D’improvviso il giovane padre comprese, ma era troppo tardi. Se appena
il giorno prima fosse riuscito ad andare dalla moglie a dirle: ‘Cara,
soffro tanto. Nostro figlio parla di un uomo che veniva ogni sera, con
cui parlavi e piangevi, che si sedeva quando tu ti sedevi. Chi è?’ la
donna avrebbe avuto la possibilità di chiarire la situazione. Ma non
l’aveva fatto, per orgoglio. Lo stesso era stato per la donna. Anche
lei si era sentita ferita profondamente dal comportamento del marito,
ma non aveva chiesto il suo aiuto. Avrebbe dovuto praticare il quarto
mantra: ‘Caro, soffro tanto. Per piacere, aiutami. Non capisco perché
non mi guardi e non parli con me. Perché non mi permetti di
prosternarmi agli antenati? Ho fatto qualcosa di male?’. Se lo avesse
fatto, il marito le avrebbe riportato le parole del bambino.
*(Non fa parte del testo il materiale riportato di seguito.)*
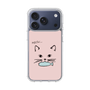 スリムプロテクションケース［ 食いしん坊なねこ - Pink ］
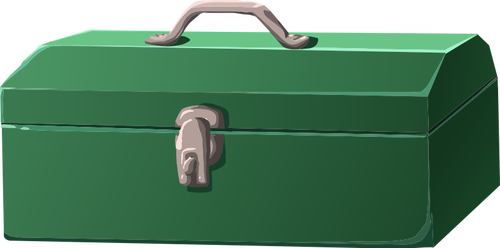 صندوق الأدوات الأخضر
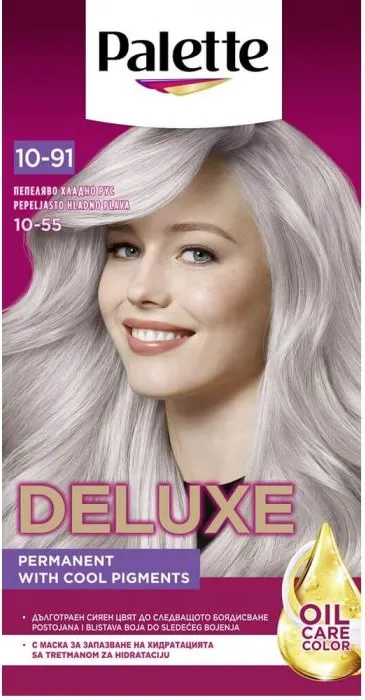 Palette Deluxe 10-55 Dusty Cool Blond Крем Боя Русо Schwarzkopf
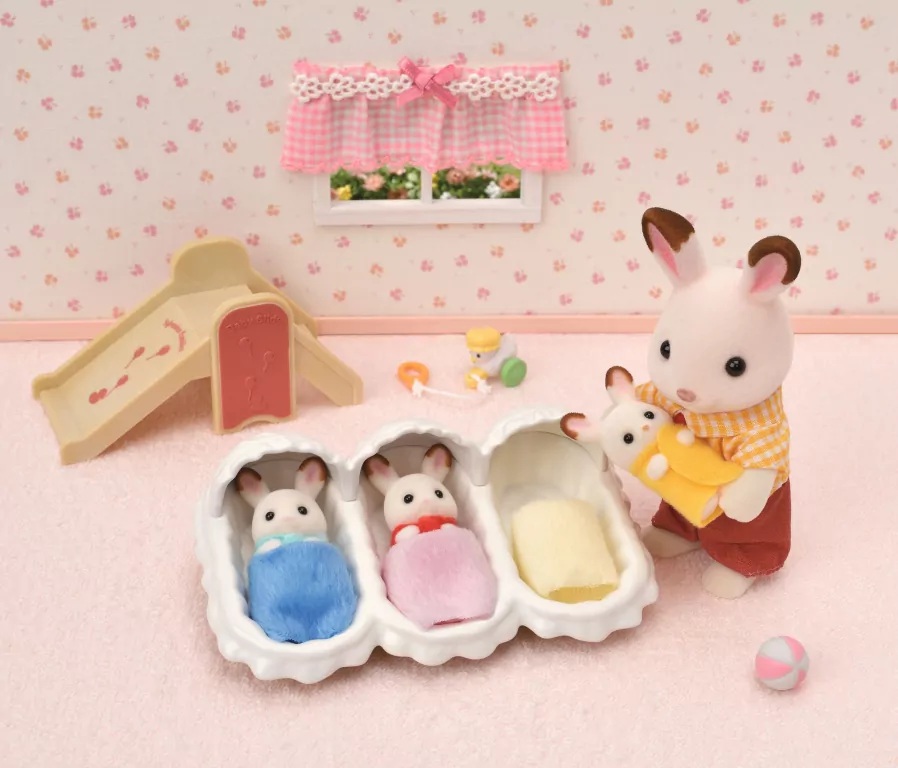 SYLVANIAN Trojaczki Króliczków z czekoladowymi uszami - tantis.pl
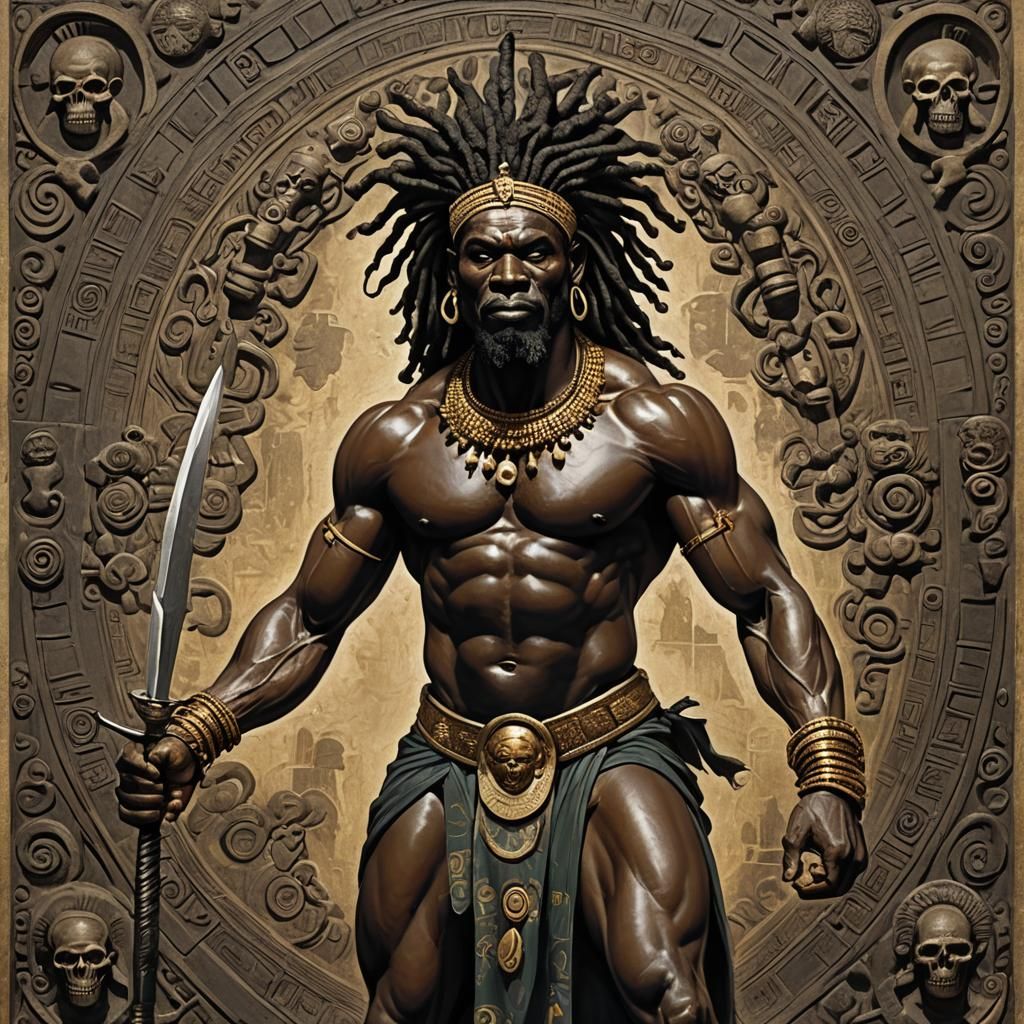 Ogun, God of Iron, Dances in African Savanna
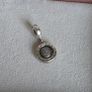 Pandora spinning signature dangle charm perfect condition fully hallmarked Image 2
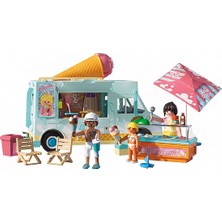 Playmobil Sörf Dükkanı Olan Dondurma Kamyonu 71904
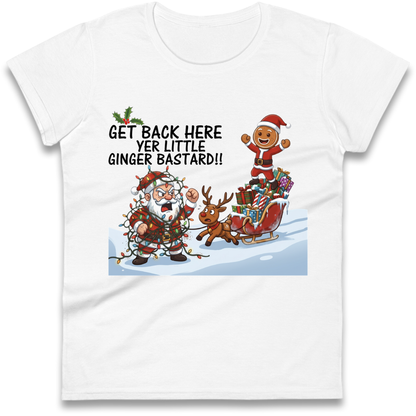 santa joke graphic Ladies T-Shirt
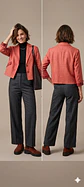 Chaqueta trama sandia - Miniatura 2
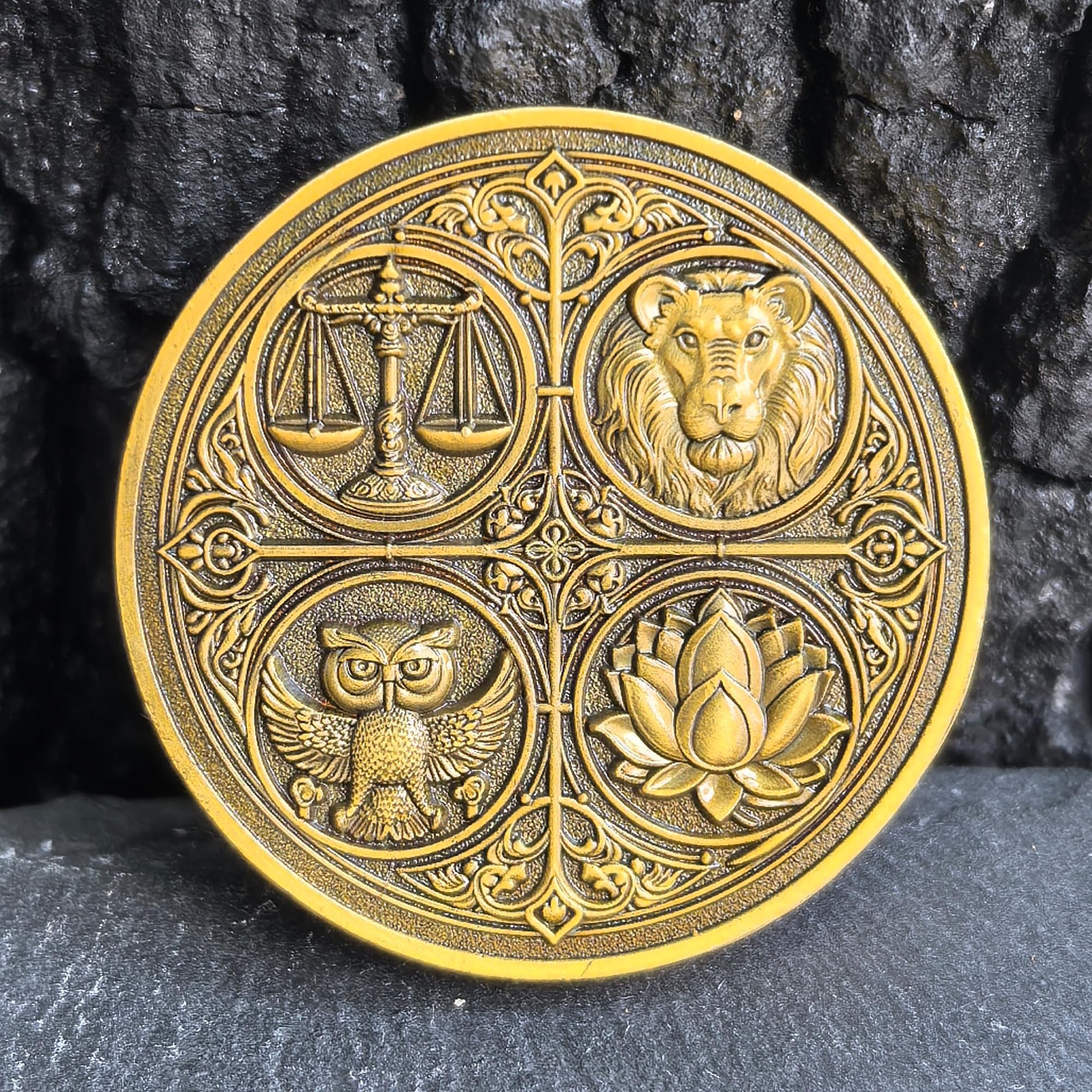 Amazon.com: The Cardinal Virtues Stoic Coin with Symbols of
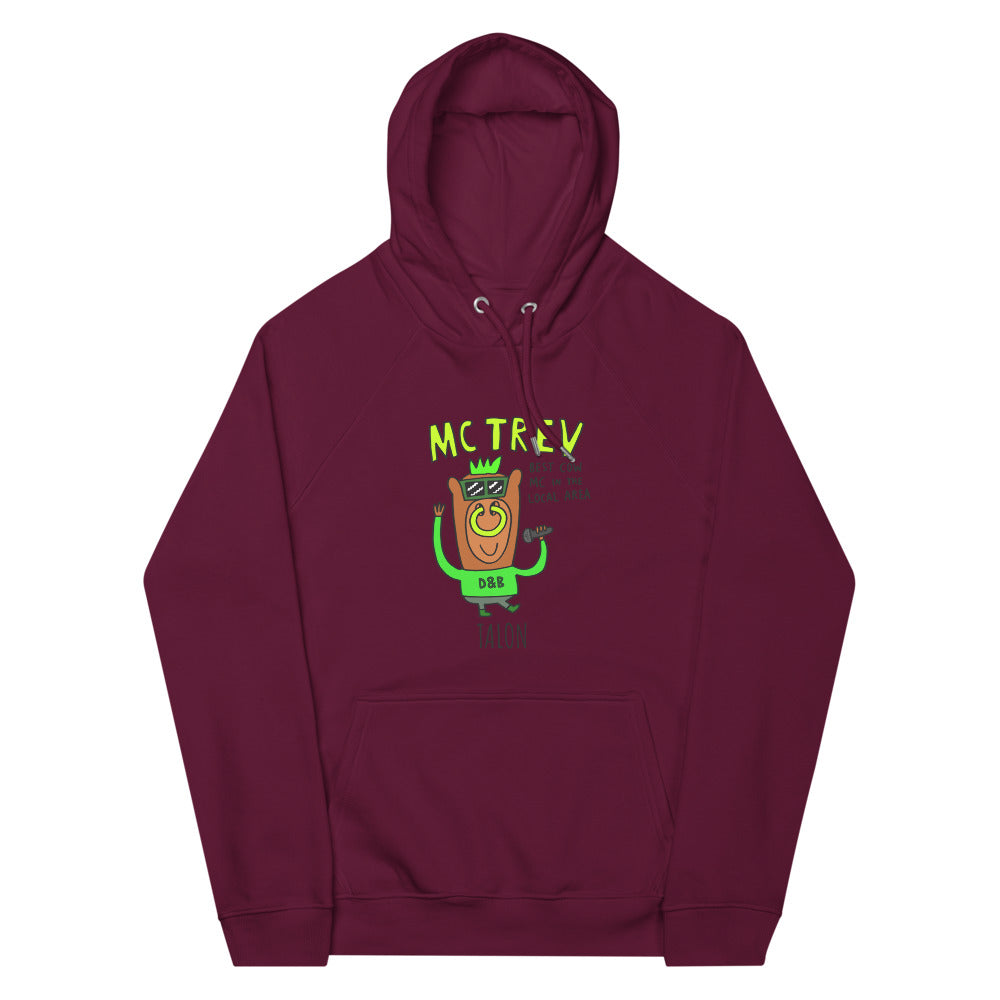 MC Trev - Personalised unisex eco raglan hoodie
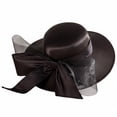 thumbnail image 1 of Wiywef French Style Fascinator with Bow Women's Bowler Hat Elegant Bridal Cap for Halloween Wedding Formal Events Head Accessory, 1 of 7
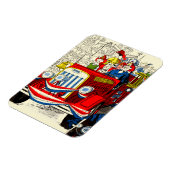 Vierde parade juli magneet (Linkerzijde)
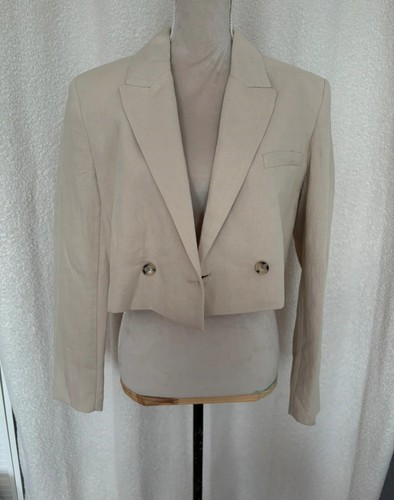 Blazer femme court zara - blazer, m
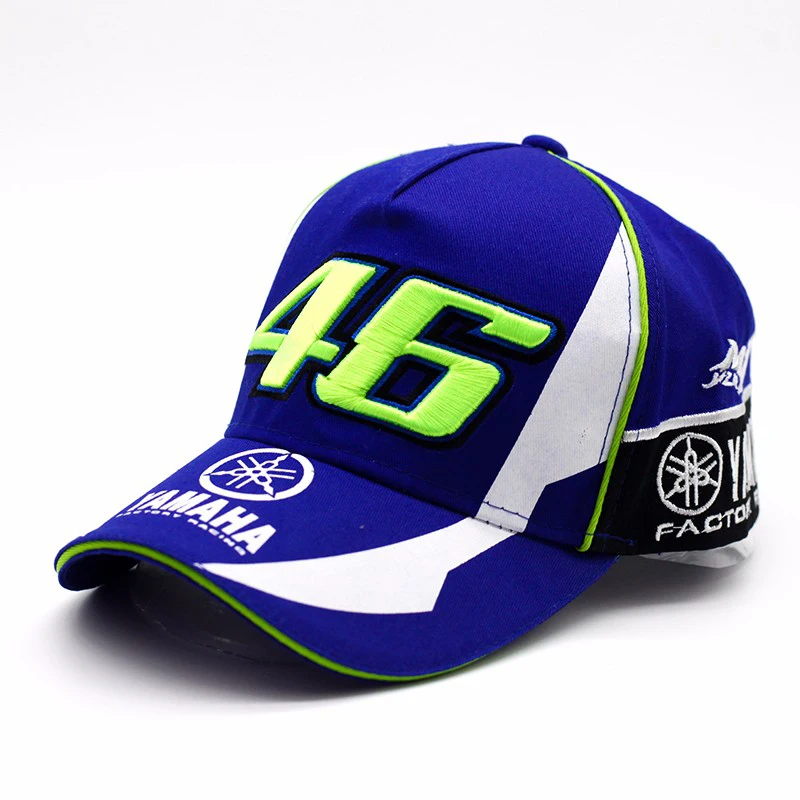 2017 High Quality MOTO GP 46 Motorcycle 3D Embroidered F1 Racing Cap Men Women Snapback Caps Rossi VR46 Baseball Cap YAMAHA Hats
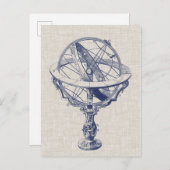 Armillary Sphere Postkarte (Vorne/Hinten)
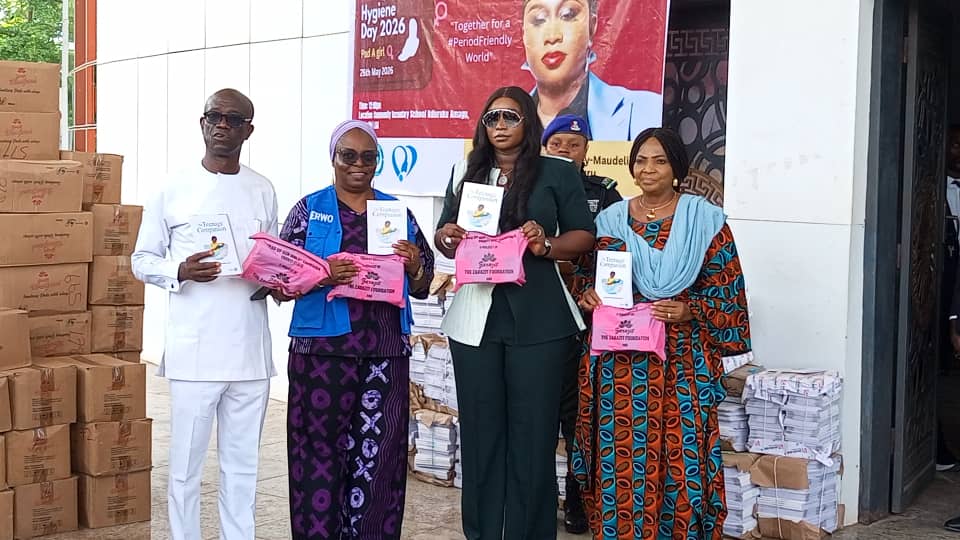 Ebonyi First Lady flags off “Pad a Girl Initiative” targeting 10,000 schoolgirls across the state.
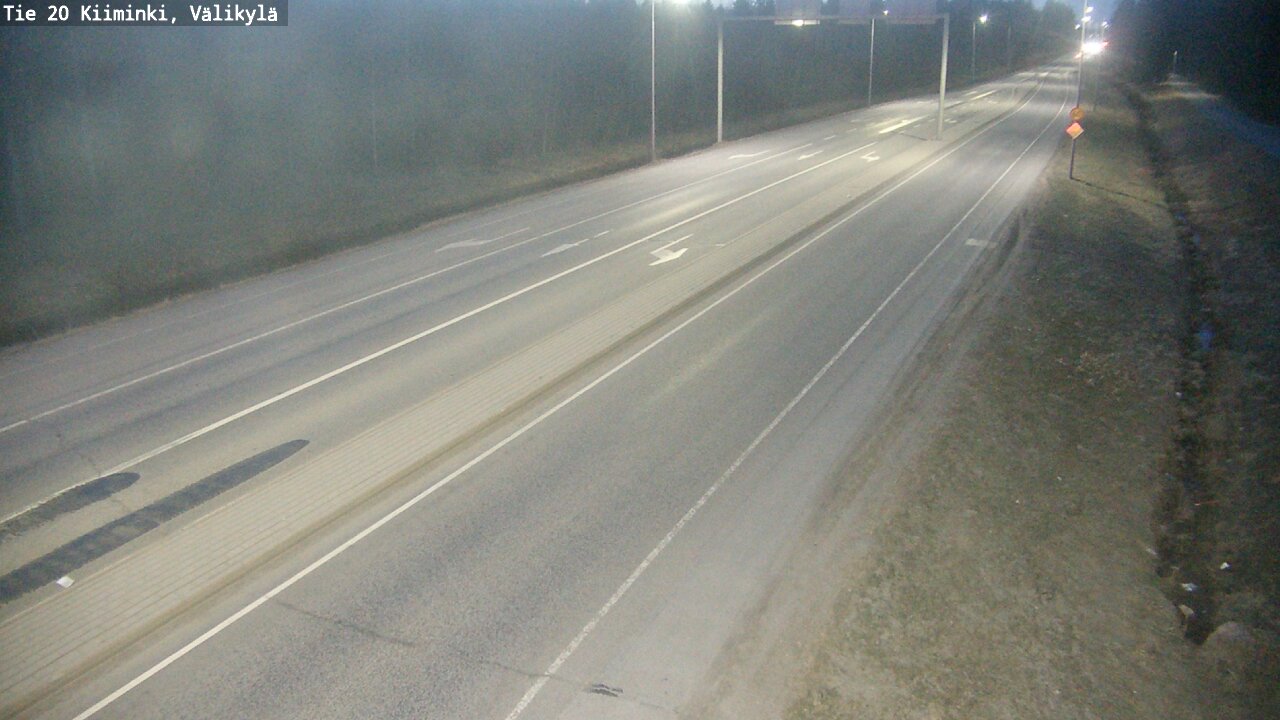 Weather Camera Image Road 20 Oulu Kiiminki, Välikylä, Oulu, Pohjois-Pohjanmaa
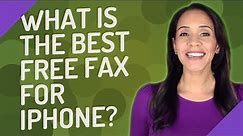 What is the best free fax for iPhone?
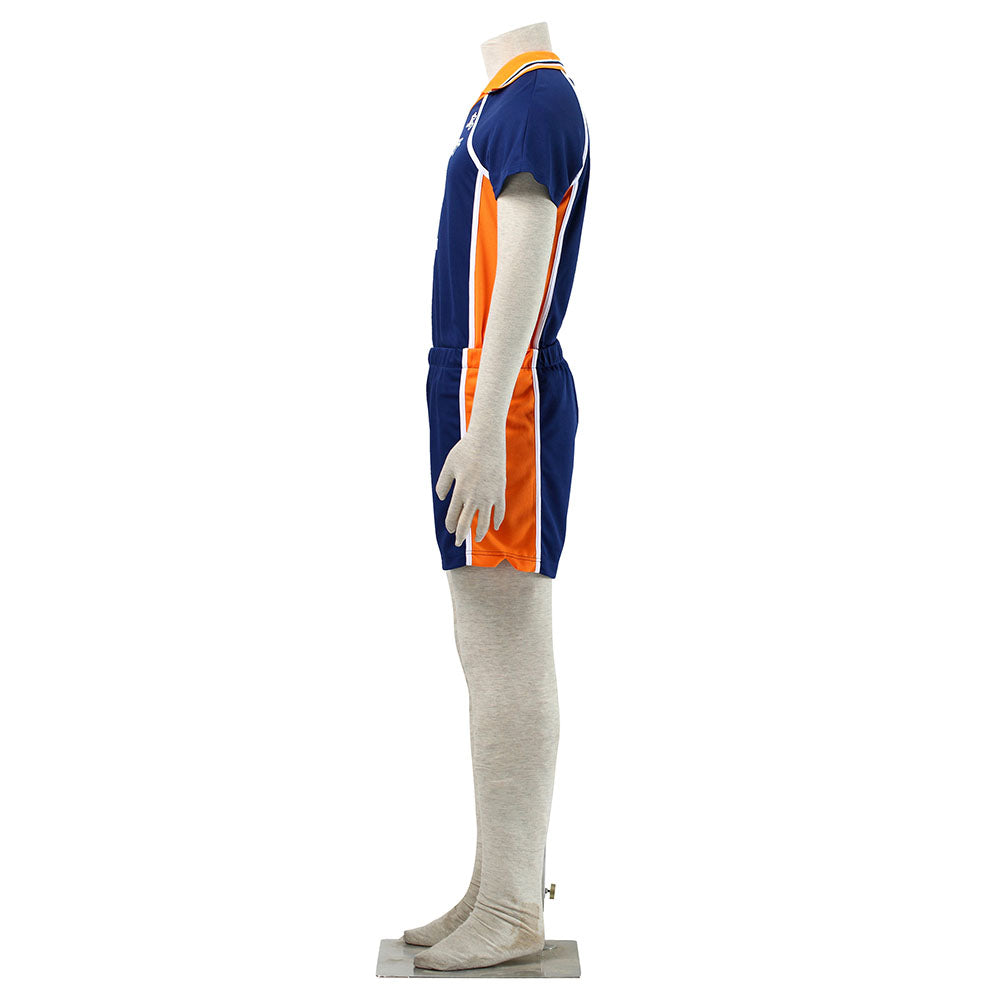 Haikyuu!! Costume Sawamura Daichi Number #1 Karasuno High School Volleyball Uniform with Knee pads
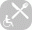 Ristorante accessibile ai disabili.: Ristorante accessibile ai disabili nell'edificio.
Ma
anch’ella, prigioniera del suo orgoglio, non chiese nulla.
Nel vero amore, non c’è posto per l’orgoglio. Non cadete nella stessa
trappola. Quando vi sentite feriti dalla persona che amate, quando
soffrite per causa sua, ricordate questa storia. Non agite come la
madre e il padre del bambino. Non fatevi bloccare dall’orgoglio,
praticate il quarto mantra: ‘Caro, soffro. Per piacere, aiutami’. Se
realmente pensate che l’altro sia la persona che più amate nella vita,
dovete farlo. Quando l’altro udrà le vostre parole, tornerà a se
stesso e praticherà lo sguardo profondo. Insieme potrete risolvere la
questione, riconciliarvi e dissolvere quella percezione.